Unexpected key(s) in state_dict: "cond_stage_model.transformer.text_model.embeddings.position_ids".

sooxp commented 5 months ago

Hi， Thanks for making the project code open source! when I executed scripts/inference_any_image_pose.sh, I received the following error message:


Loaded model config from [model_lib/ControlNet/models/cldm_v15_reference_only_pose.yaml]
Total base  parameters 2288.11M
find model state dict from pretrained_weights/model_state-110000.th ...
Loading model state dict from pretrained_weights/model_state-110000.th ...
Traceback (most recent call last):
  File "/data/workstation/MagicDance/test_any_image_pose.py", line 577, in <module>
    main(args)
  File "/data/workstation/MagicDance/test_any_image_pose.py", line 371, in main
    load_state_dict(model, args.image_pretrain_dir,strict=True) 
  File "/data/workstation/MagicDance/test_any_image_pose.py", line 126, in load_state_dict
    model.load_state_dict(state_dict, strict=strict)
  File "/home/user01/miniconda3/envs/dpe/lib/python3.10/site-packages/torch/nn/modules/module.py", line 2152, in load_state_dict
    raise RuntimeError('Error(s) in loading state_dict for {}:\n\t{}'.format(
RuntimeError: Error(s) in loading state_dict for ControlLDMReferenceOnlyPose:
        Unexpected key(s) in state_dict: "cond_stage_model.transformer.text_model.embeddings.position_ids". 
[2024-02-18 05:16:42,066] torch.distributed.elastic.multiprocessing.api: [ERROR] failed (exitcode: 1) local_rank: 0 (pid: 34957) of binary: /home/user01/miniconda3/envs/dpe/bin/python3
Traceback (most recent call last):
  File "/home/user01/miniconda3/envs/dpe/bin/torchrun", line 8, in <module>
    sys.exit(main())
  File "/home/user01/miniconda3/envs/dpe/lib/python3.10/site-packages/torch/distributed/elastic/multiprocessing/errors/__init__.py", line 346, in wrapper
    return f(*args, **kwargs)
  File "/home/user01/miniconda3/envs/dpe/lib/python3.10/site-packages/torch/distributed/run.py", line 806, in main
    run(args)
  File "/home/user01/miniconda3/envs/dpe/lib/python3.10/site-packages/torch/distributed/run.py", line 797, in run
    elastic_launch(
  File "/home/user01/miniconda3/envs/dpe/lib/python3.10/site-packages/torch/distributed/launcher/api.py", line 134, in __call__
    return launch_agent(self._config, self._entrypoint, list(args))
  File "/home/user01/miniconda3/envs/dpe/lib/python3.10/site-packages/torch/distributed/launcher/api.py", line 264, in launch_agent
    raise ChildFailedError(
torch.distributed.elastic.multiprocessing.errors.ChildFailedError: 
============================================================
test_any_image_pose.py FAILED
------------------------------------------------------------
Failures:
  <NO_OTHER_FAILURES>
------------------------------------------------------------
Root Cause (first observed failure):
[0]:
  time      : 2024-02-18_05:16:42
  host      : user01-wt
  rank      : 0 (local_rank: 0)
  exitcode  : 1 (pid: 34957)
  error_file: <N/A>
  traceback : To enable traceback see: https://pytorch.org/docs/stable/elastic/errors.html
============================================================

What's wrong?

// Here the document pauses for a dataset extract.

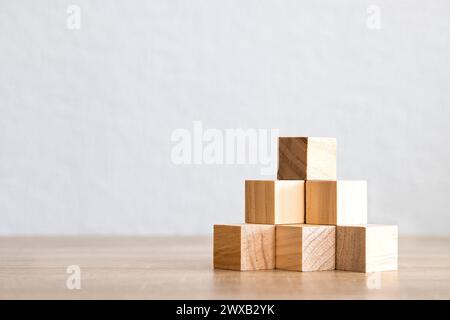 Blocs de bois disposés en forme de pyramide sur une surface en bois avec un fond Uni. Banque D'Images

Thx.

Boese0601 commented 5 months ago

Hi,

Can u double-check if the package version of your diffusers and transformers matches the environment.yml?

If so, you can also set the value of strict to False, it shouldn't affect the result since we actually didn't use any text as input to the "text_model" in our pipeline.

Let me know if you have any further questions.

sooxp commented 5 months ago

solved. the problem is with the version of transformers. Thx

zhjj666 commented 2 months ago

Hi,

Can u double-check if the package version of your diffusers and transformers matches the environment.yml?

If so, you can also set the value of strict to False, it shouldn't affect the result since we actually didn't use any text as input to the "text_model" in our pipeline.

Let me know if you have any further questions.

I have checked the versions of diffusers and transformers, and also tried to change strict to False, but the above error still appears

goshiaoki commented 1 month ago

Hi, Can u double-check if the package version of your diffusers and transformers matches the environment.yml? If so, you can also set the value of strict to False, it shouldn't affect the result since we actually didn't use any text as input to the "text_model" in our pipeline. Let me know if you have any further questions.

I have checked the versions of diffusers and transformers, and also tried to change strict to False, but the above error still appears

Same question. My versions of the transformers, diffusers and pytorch are following.

(magicpose) 10-76-1-24% pip show transformers
Name: transformers
Version: 4.22.1

(magicpose) 10-76-1-24% pip show diffusers
Name: diffusers
Version: 0.11.1

(magicpose) 10-76-1-24% pip show torch  
Name: torch
Version: 1.13.1

goshiaoki commented 1 month ago

When I delete all and download from scratch, it works. Thank you.

aycaecemgul commented 2 days ago

Hi,

Can u double-check if the package version of your diffusers and transformers matches the environment.yml?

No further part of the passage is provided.